C’était au tour de Mazagran, la séduisante. Rifflard, infidèle neveu du concierge, fit entrer Mazagran et son complice, M. Ernest, comme il avait introduit déjà Échalot et Similor. Le garçon de caisse était honnête, mais sensible. Un quart d’heure après, le logis de M. Champion était à la garde de M. Ernest. La bergerie appartenait au loup.

Il est superflu d’ajouter que l’entreprise avait fait le nécessaire chez les voisins. Il ne restait personne à l’entre-sol.
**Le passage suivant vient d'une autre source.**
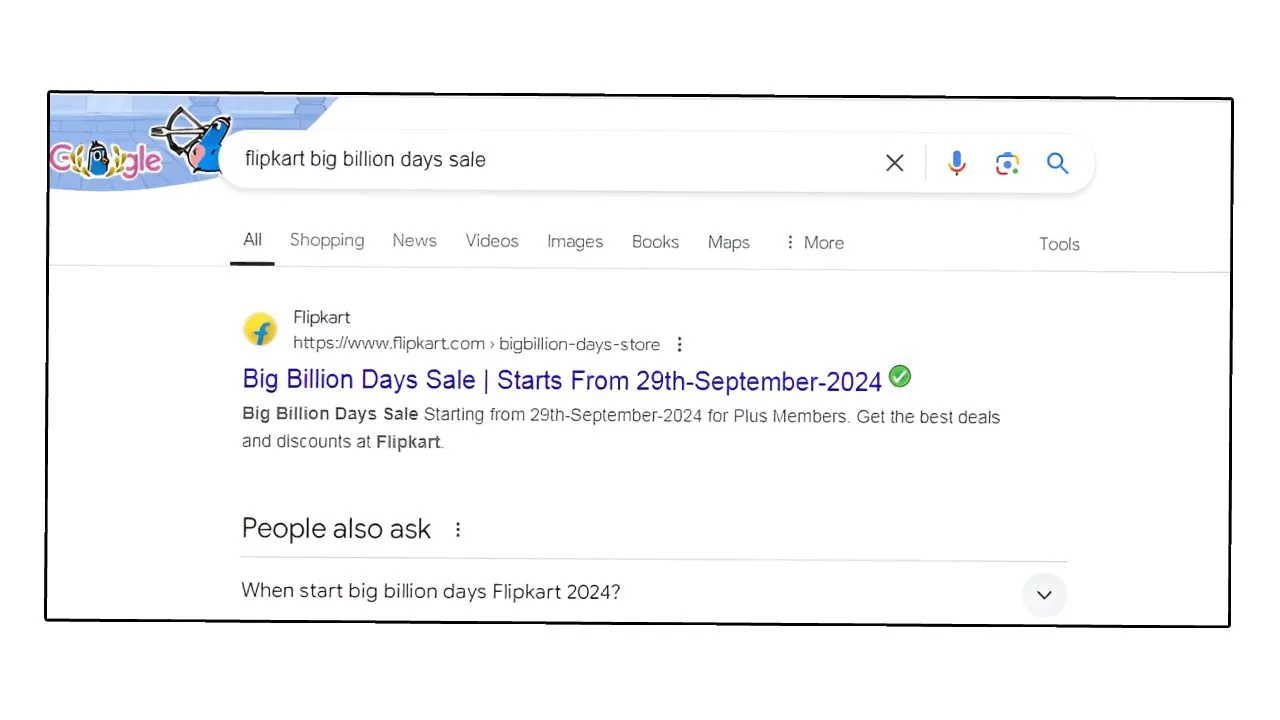 Flipkart Big Billion Days Sale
Ce fut alors que le joueur d’orgue annonça pour la première fois sa lanterne magique. Il pouvait être une heure après minuit, quand M. Lecoq de la Perrière, obéissant à ce signal, quitta la salle de danse.

Deux autres appels du joueur d’orgue avaient eu lieu depuis lors et une demi-heure s’était écoulée.
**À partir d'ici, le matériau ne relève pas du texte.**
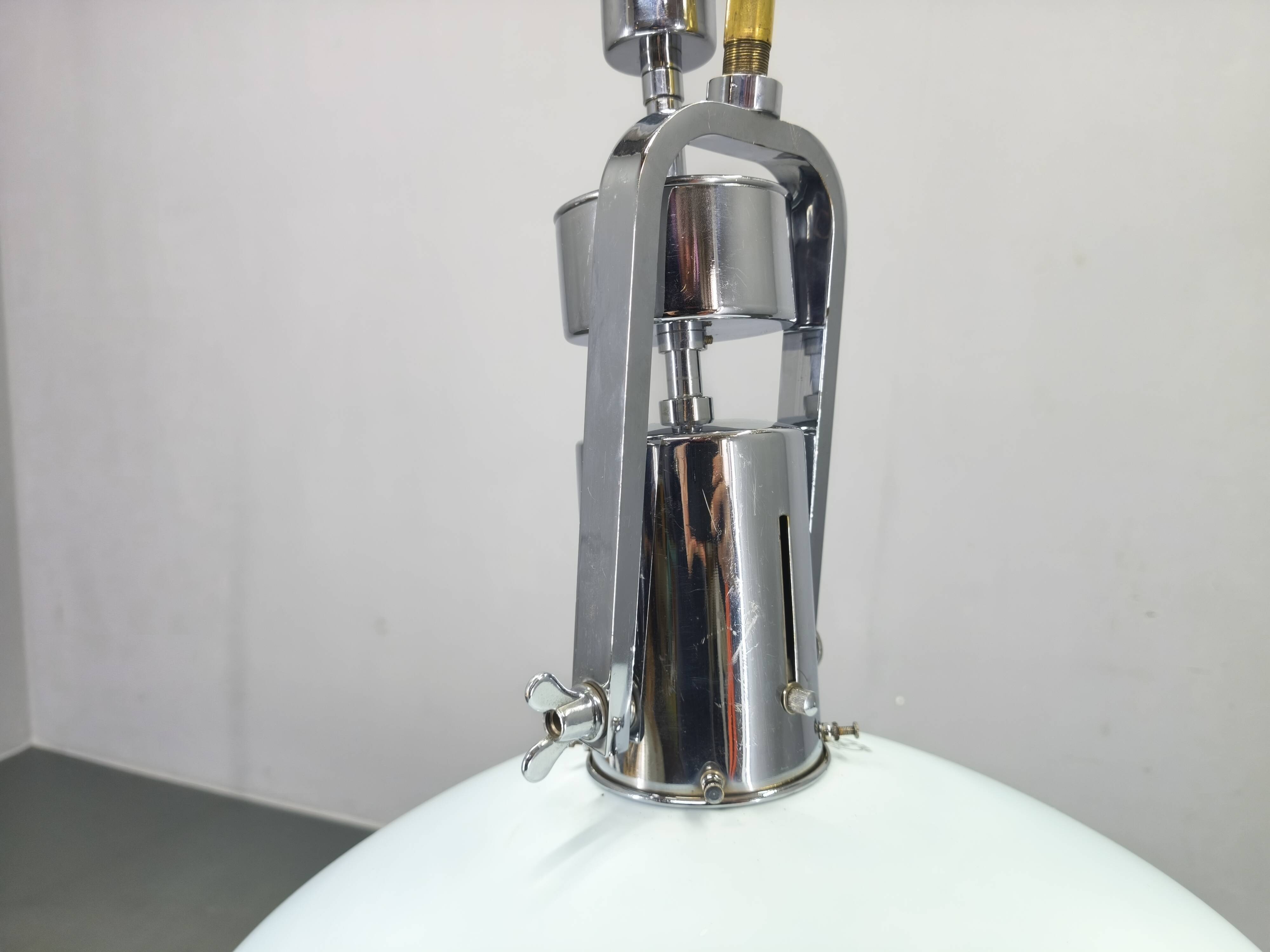 Rare Bauhaus Adjustable Ceiling Light by Otto Mueller, 1930s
De toutes les choses que nous avons racontées, ici et au précédent chapitre, rien n’avait transpiré, dans le bal, où le plaisir, au contraire, dominant de vagues préoccupations, prenait franchement le dessus.

Nous ne prétendons apprendre à personne qu’après une certaine heure et une fois franchi un certain degré dans l’échelle d’opulence, une fête ne s’aperçoit absolument pas de l’absence des maîtres de la maison. Cinq conviés sur dix, normalement, sont destinés à ne pas les entrevoir de toute la nuit.
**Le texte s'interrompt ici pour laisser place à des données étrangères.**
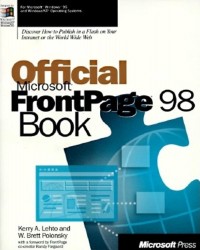 Image of Official microsoft front page 98 book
La porte du couloir conduisant des appartements de M. Schwartz aux bureaux, en passant par le logis de M. Champion, était ouverte. André Maynotte en passa le seuil le premier. L’ancien commissaire de police et le magistrat suivirent.

Les lampes qui d’ordinaire éclairaient ce corridor étaient éteintes.

Une lueur faible venait seulement derrière eux par la porte du vestibule.

Ils marchaient tous les trois en silence. Le couloir avait toute la longueur de la cour. Arrivé à moitié chemin, André s’arrêta et dit :

« Vous faites trop de bruit, messieurs, celui qui est là ne parlera point, s’il me sait accompagné.

— Où nous menez-vous ? demanda le conseiller dont la voix était calme.

— Je dois vous prévenir que je suis armé, ajouta non sans émotion l’ancien commissaire de police.

— Moi, je suis sans armes, » dit André.

Il poursuivit, répondant au conseiller :

« Je vous mène à la connaissance de la vérité, touchant un crime que vous eûtes à juger autrefois, et un autre crime que vous aurez à juger demain, le vol de la caisse Bancelle, le meurtre de la comtesse Corona.

— Vous fûtes condamné pour l’un, vous êtes accusé de l’autre, murmura le magistrat.

— L’hôtel Schwartz est cerné par vos agents, prononça lentement André. Je n’ai ni le pouvoir ni la volonté de fuir. »

On ne répliqua point. Il continua sa route. Ses deux compagnons étouffèrent le bruit de leurs pas.

Nous avons dû dire quelque part que les somptueux bureaux de M. le baron Schwartz, établis au rez-de-chaussée des bâtiments considérables qui donnaient sur la rue d’Enghien, avaient leurs caisses de recettes et dépenses courantes, parlant au pluriel, car la maison centralisait plusieurs entreprises distinctes. La fameuse caisse de l’entre-sol, dite principale et centrale, était comme l’âme universelle de ce grand corps et agglomérait accidentellement les fonds des diverses compagnies.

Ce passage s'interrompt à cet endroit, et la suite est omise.